思い切りハルちゃんの方を向き見つめてしまう。

「ちょっ…。まじまじと見ないでよ。恥ずかしいけどって言ったじゃん!あ~~もう恥ずかしい」



 私たちは歩く。飲み会の帰りのように。

 あのときみたいに抱き締められたりチュウはされない。だってハルちゃんは私の自転車を押してくれているから。

「今夜は空、曇ってるね」ハルちゃんが少し上を見上げながら私に言う。

「うん」

 飲み会の帰りは綺麗な星空だった。月も綺麗で。そしておとといの、チュウした夜の月はもっと綺麗だった。

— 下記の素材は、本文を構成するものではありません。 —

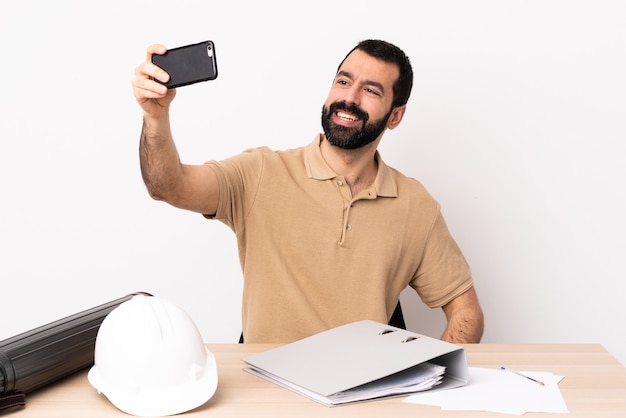 Homem arquiteto caucasiano com barba em uma mesa fazendo uma selfie.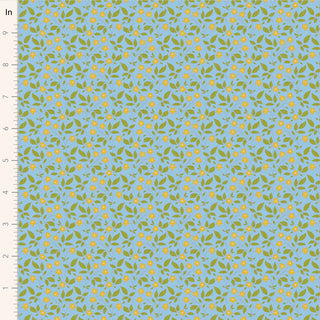 Tilda Sunday Brunch Blender TIPSY SKY TIL110124 by Fabric by Tilda features a blue background with green leaves and small yellow flowers, shown with an inch ruler for scale. Perfect for premium quilting cotton projects.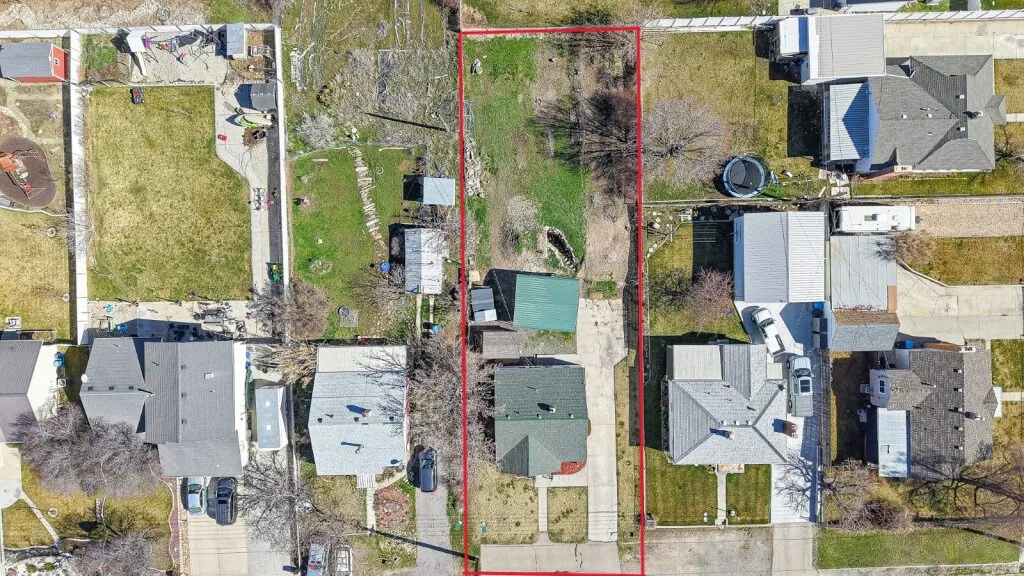 Aerial perspective of suburban area with property parcel outlined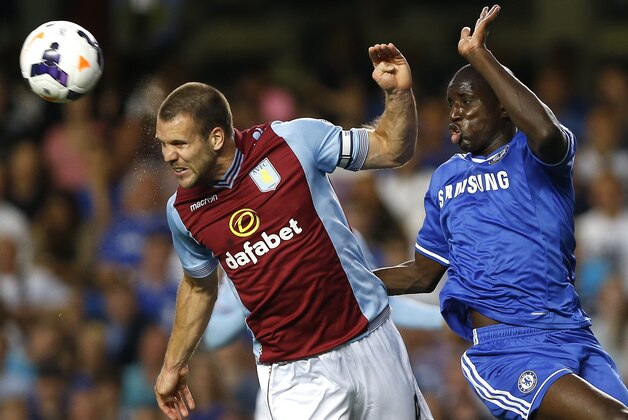 Chelsea's Demba Ba, right, vies for the ball with Aston Villa's Ron Vlaar during the English Premier League soccer match between Chelsea and Aston Villa at Stamford Bridge Stadium in London, Wednesday, Aug. 21, 2013. (AP Photo/Kirsty Wigglesworth)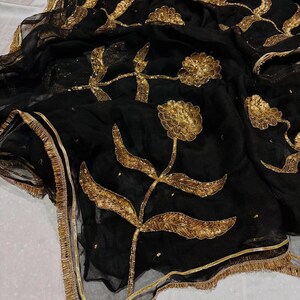 May include: Black sheer fabric with gold floral embroidery. The design features large, stylized flowers and leaves with intricate detailing. The edges are trimmed with a gold border and fringe, creating an elegant and ornate look.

 ふふっとハルちゃんが急に笑うので気持ち悪いがドキッとする。

「今オレたち絶対同じ事考えてたね」

ねぇ?と言う感じでハルちゃんが私の顔を覗き込む。

「おとといのチュウの事考えてたよね?」

考えてたよ!そりゃ考えるよ。

「考えてた?」返事をしない私にもう一度聞く。「考えてたでしょ?絶対考えてたよね?」

笑顔でしつこいのでつい答えてしまう。

「考えてた!」

考えてたよ、そりゃ考えるよ。


 「こんな雲がかかってる夜、一人で帰ったら寂しいけどさ」ハルちゃんがにこやかに言う。「二人だと嬉しいな」

「ドライブってやっぱ行くんだよね?」私は聞いてみる。

「行きたくないの?」

「だって状況が違う。そもそもハルちゃんの話を聞いた泉田先生が、私に気を使ってくれてドライブ行こうって言ってくれたのに。泉田先生とマキちゃんがあんな感じで、それで4人で行くわけでしょう?」

「まぁね~~。ダブルデートだね~~」

「…私の立場微妙なんだけど」

「泉田先生に告白したから?」

「…そう」

「オレも告白されたいな、リツに」

「ハルちゃん、そんな事ばっかり言ってるけど、ハルちゃん私に酷い事してるなって気にはならないの?私をだましたようなもんだと思うけど」

「泉田先生が牧先生好きなの知ってて黙ってて、しかもその泉田先生にドライブ誘わせたから?」

私は黙ってうなずく。

「そりゃリツが気付かないのが悪いよ。泉田先生の事ずっと見てたんでしょ?それとなく気付いてもいいんじゃないの?しかもリツと親しい牧先生との事なのに」

「泉田先生が好きそうなタイプと違ったんだもんマキちゃん。マキちゃんは私が泉田先生好きな事知ってからそれとなく応援してくれてたし」

「オレは~~リツ怒ると思うけど、はっきり、きっぱり、片が付いて良かったよね。今夜の事であきらめついたでしょ?どうせリツの思いはいつまでたっても届かないんだから」

「ひど…」

「オレでいいじゃん。泉田先生と牧先生より仲良くしようよ」

「…ハルちゃん、高山先生以外誰に告られたの?」

「おっ!?気になるの?」

「…だって言ってきただけでも4人もいるんでしょ?言わないで想ってるだけの人もいるに違いないから、そうたいして人数多くない職場ですごいなと思って」

「せまいとこだからじゃないの?目新しい感じがしたんじゃない?ミノリだって誘われてたよ。まだ学生なのに」

 


 しばらく黙って歩く。

 金曜の夜、駅から商店街を抜けるまでは結構人通りも多かったが、住宅街に入ると急に人通りはなくなった。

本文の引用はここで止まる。